MatterMiners / tardis

Transparent Adaptive Resource Dynamic Integration System
https://cobald-tardis.readthedocs.io
MIT License
14 stars 20 forks source link

Rare crash in `get_resource_ratios` when Slot variables are not defined yet #168

Closed olifre closed 3 years ago

olifre commented 3 years ago

@wiene and I observe rare crashes with this trace (line numbers of the 0.5.0 version):

2021-02-20 01:41:11 [ERROR][cobald.runtime.runner.asyncio]: runner aborted: <cobald.daemon.runners.asyncio_runner.AsyncioRunner object at 0x7fbb5d697978>
Traceback (most recent call last):
  File "/opt/cobald/lib64/python3.6/site-packages/cobald/daemon/runners/base_runner.py", line 62, in run
    self._run()
  File "/opt/cobald/lib64/python3.6/site-packages/cobald/daemon/runners/asyncio_runner.py", line 28, in _run
    self.event_loop.run_until_complete(self._run_payloads())
  File "/usr/lib64/python3.6/asyncio/base_events.py", line 484, in run_until_complete
    return future.result()
  File "/opt/cobald/lib64/python3.6/site-packages/cobald/daemon/runners/asyncio_runner.py", line 36, in _run_payloads
    await self._reap_payloads()
  File "/opt/cobald/lib64/python3.6/site-packages/cobald/daemon/runners/asyncio_runner.py", line 58, in _reap_payloads
    raise task.exception()
  File "/opt/cobald/lib64/python3.6/site-packages/cobald/daemon/runners/async_tools.py", line 7, in raise_return
    value = await payload()
  File "/opt/cobald/lib64/python3.6/site-packages/tardis/resources/drone.py", line 94, in run
    await current_state.run(self)
  File "/opt/cobald/lib64/python3.6/site-packages/tardis/resources/dronestates.py", line 171, in run
    drone_uuid=drone.resource_attributes["drone_uuid"]
  File "/opt/cobald/lib64/python3.6/site-packages/tardis/agents/batchsystemagent.py", line 20, in get_allocation
    return await self._batch_system_adapter.get_allocation(drone_uuid)
  File "/opt/cobald/lib64/python3.6/site-packages/tardis/adapters/batchsystems/htcondor.py", line 195, in get_allocation
    return max(await self.get_resource_ratios(drone_uuid), default=0.0)
  File "/opt/cobald/lib64/python3.6/site-packages/tardis/adapters/batchsystems/htcondor.py", line 181, in <genexpr>
    if key in self.ratios.keys()
ValueError: could not convert string to float: 'error'

So that happens in here: https://github.com/MatterMiners/tardis/blob/1139be80d885305ef8a62fca7ca49d8e15ca334e/tardis/adapters/batchsystems/htcondor.py#L172-L182

We set the following BatchSystem.ratios for our HTCondor LBS:

    cpu_ratio: Real(TotalSlotCpus-Cpus)/TotalSlotCpus
    memory_ratio: Real(TotalSlotMemory-Memory)/TotalSlotMemory
    cpu_usage: IfThenElse(AverageCPUsUsage=?=undefined, 0, Real(AverageCPUsUsage))

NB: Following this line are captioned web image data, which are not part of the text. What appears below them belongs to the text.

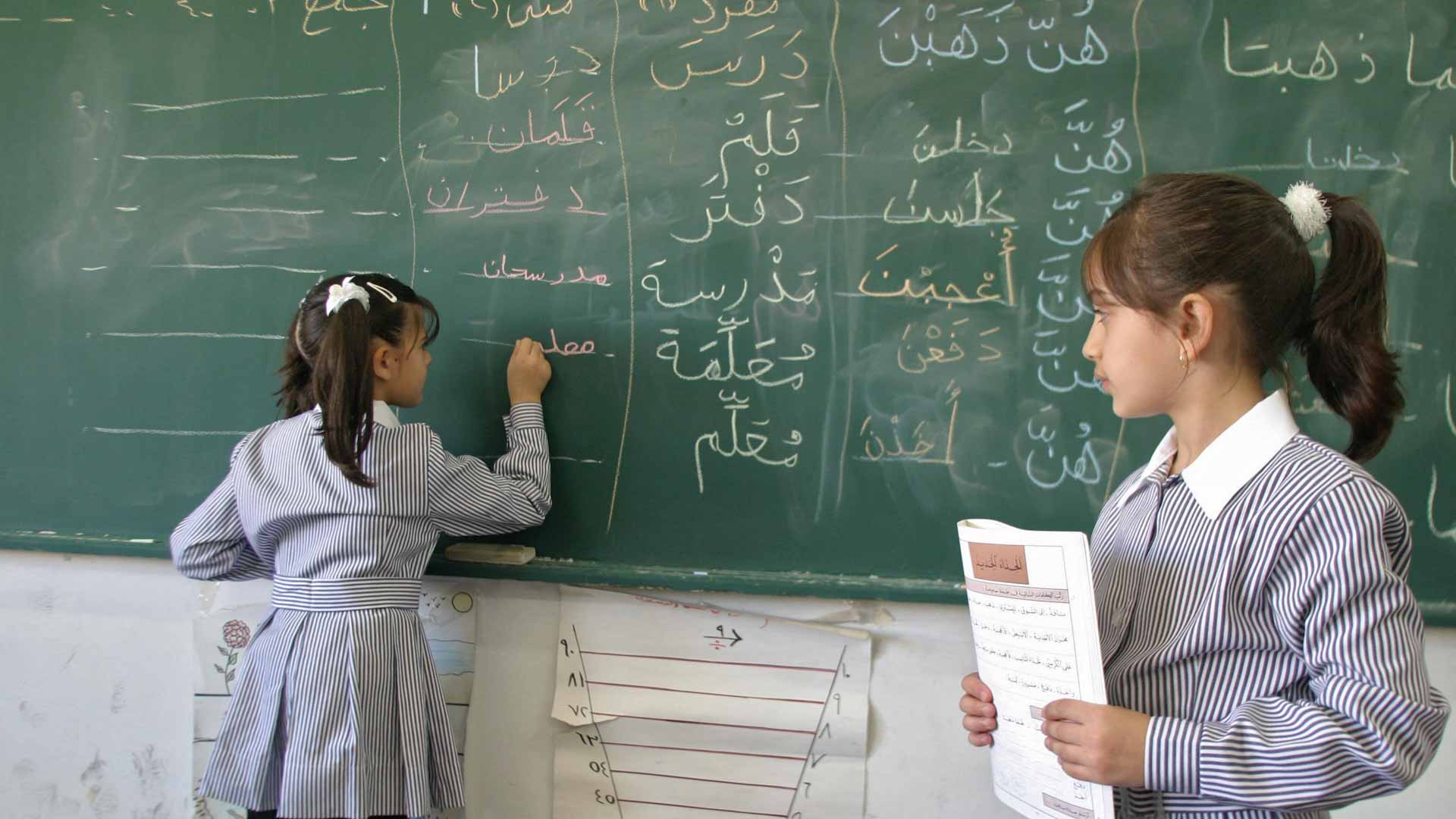 Image for the title: Teaching native speakers of other than language of instruction 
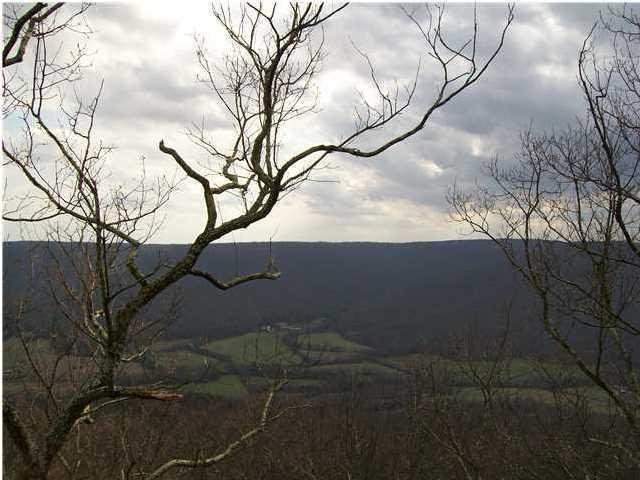0 North Bluff Road, Unit 26 Guild, TN 37340 - Photo 4 of 4 0 Jackson Bluff 3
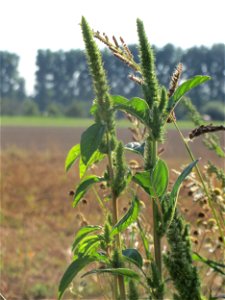 Grünähriger Amarant (Amaranthus powellii) bei Reilingen - eingeschleppt aus Südamerika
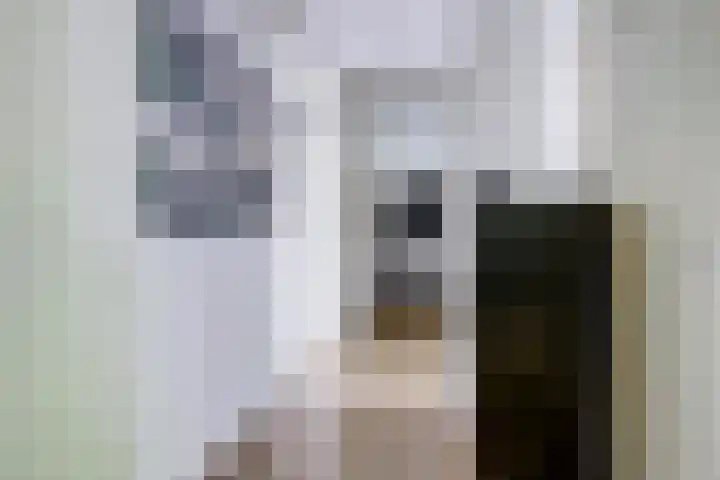 Azuurweg 238 Tilburg thumbnail 10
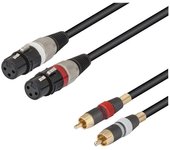 Conexión 2 XLR-canon 3 pin hembra a 2 RCA macho
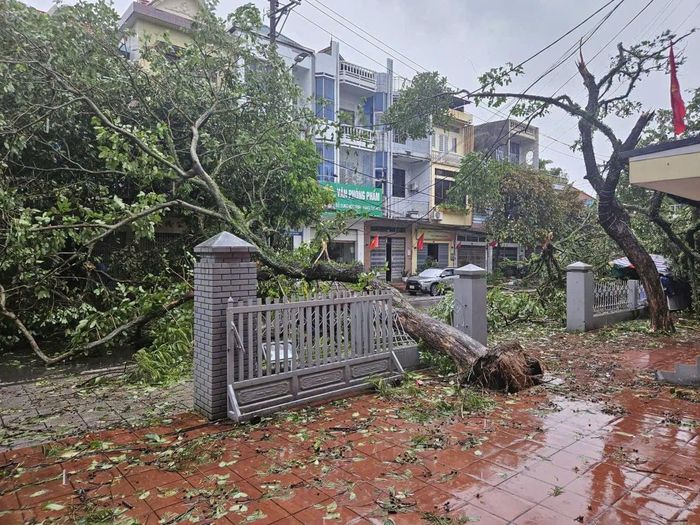 Cây xanh bị gãy đổ ảnh hưởng hệ thống lưới điện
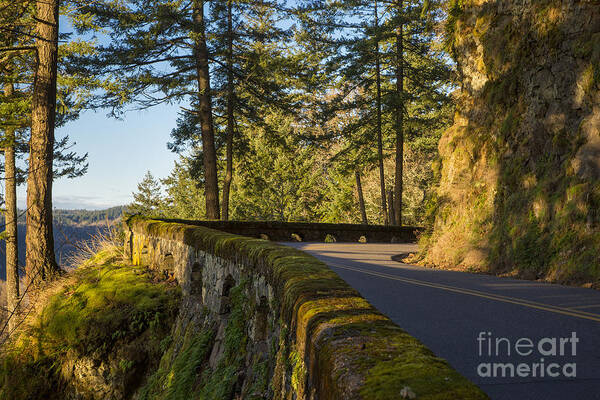 Oregon Art Print featuring the photograph Columbia River Gorge Highway by Brian Jannsen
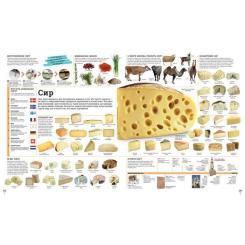 Книга Ранок Дивипедія Фото 11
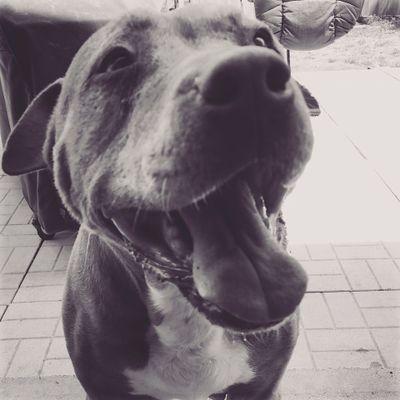 Media and Marketing. Go Follow @MrGoldMoney #GoldMoneyMedia
https://t.co/DkzTOzROt8…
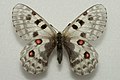 Parnassius actius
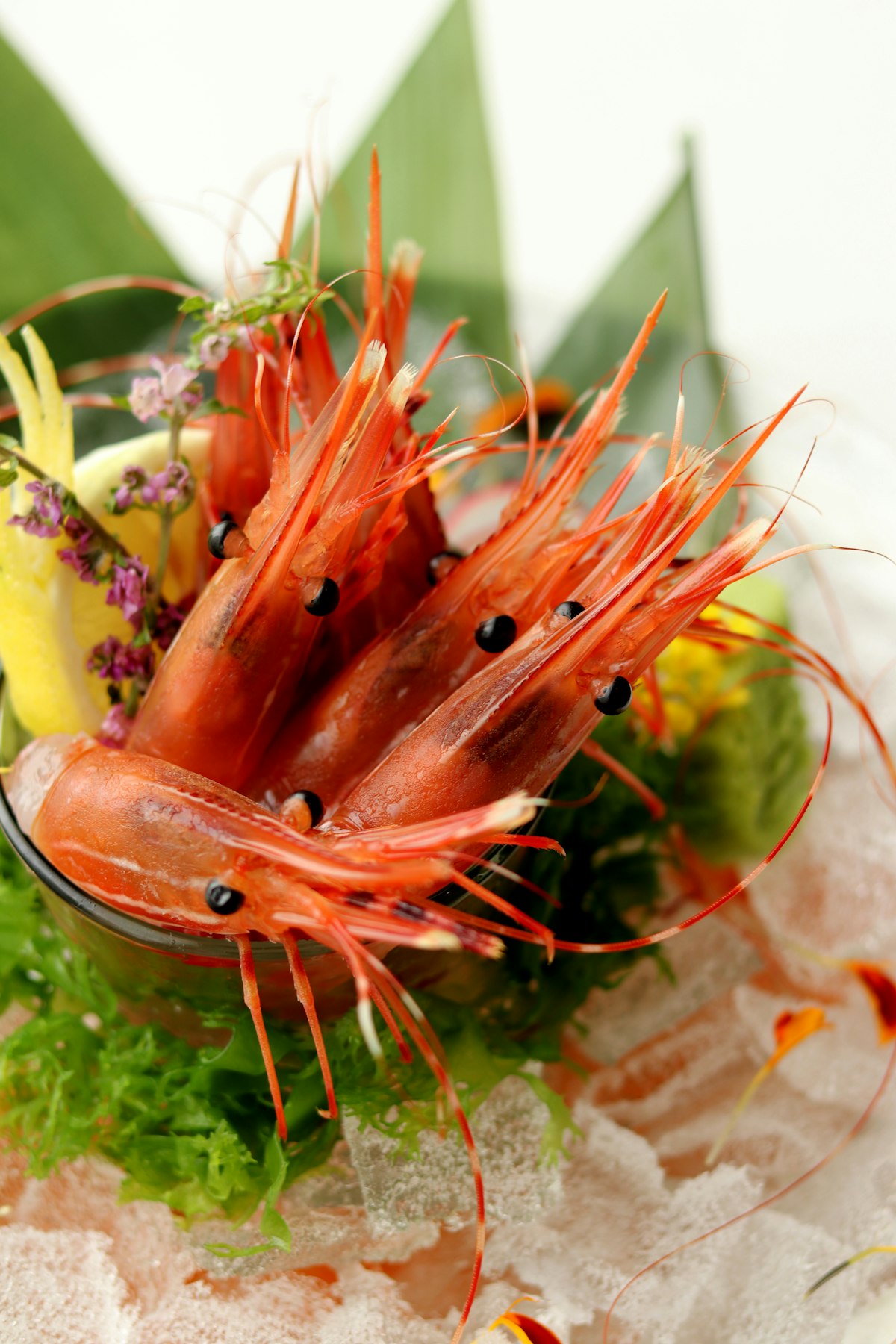 Gulf Brown Shrimp, Head-On, per lb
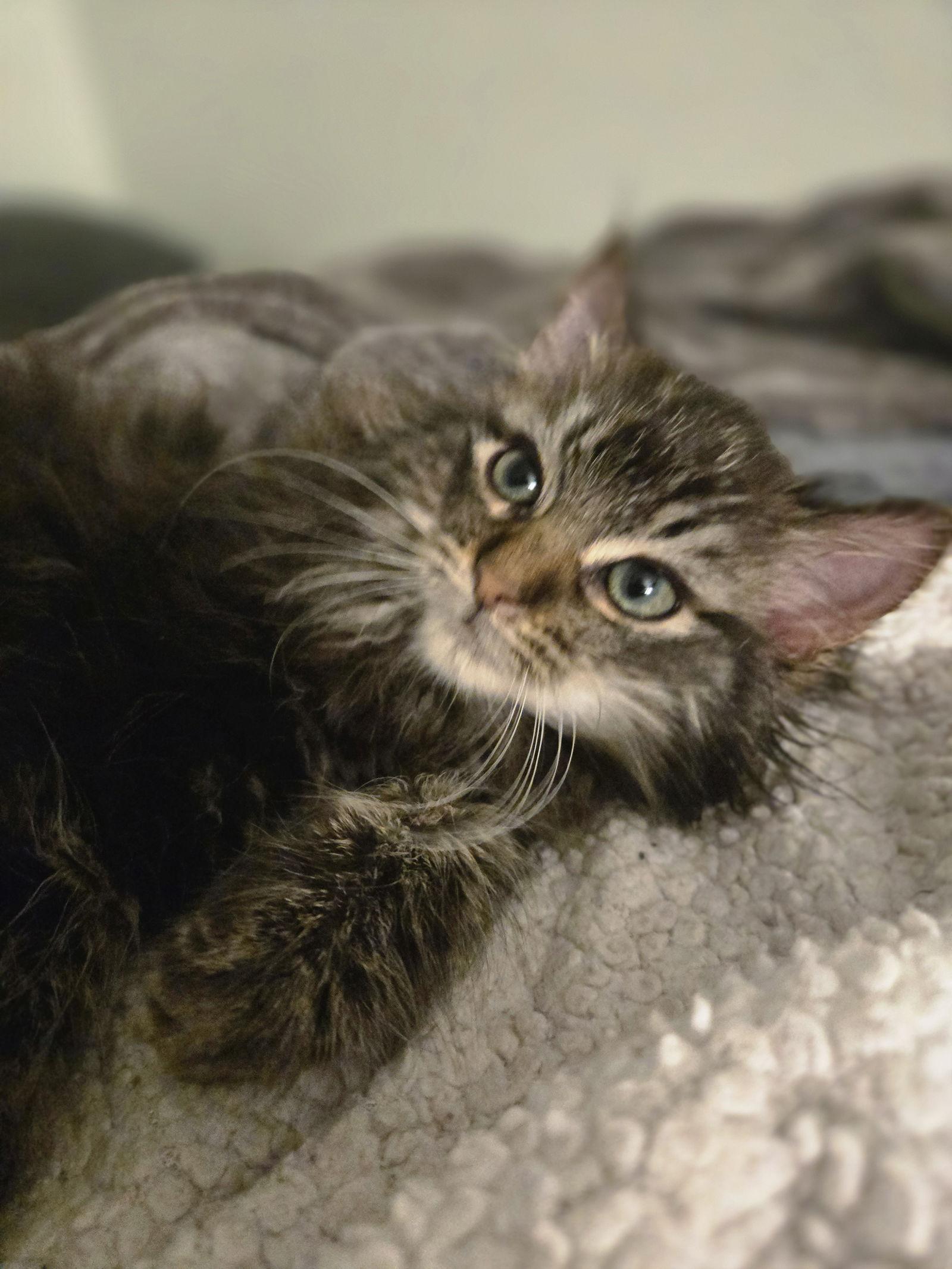 Manuel, Adopted, Kitten Male Domestic Long Hair & Maine Coon.
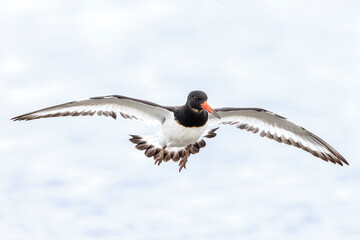 Eurasian oystercatcher, Haematopus ostralegus, in flight
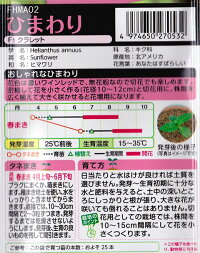 袋裏→クリックして拡大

This seems to happen always close / synchronous to the schedd negotiating with the LBS, i.e. new drones starting. Presumably, Cpus or Memory may not be well-defined for short time fractions in HTCondor (maybe when the pslot is in the process of being formed?).

Of course, this could be worked around with an ifThenElse, but maybe catching an error string in TARDIS and retrying later in that case might be more reliable :smile: .

giffels commented 3 years ago

@olifre thanks for reporting this. We will handle this in TARDIS.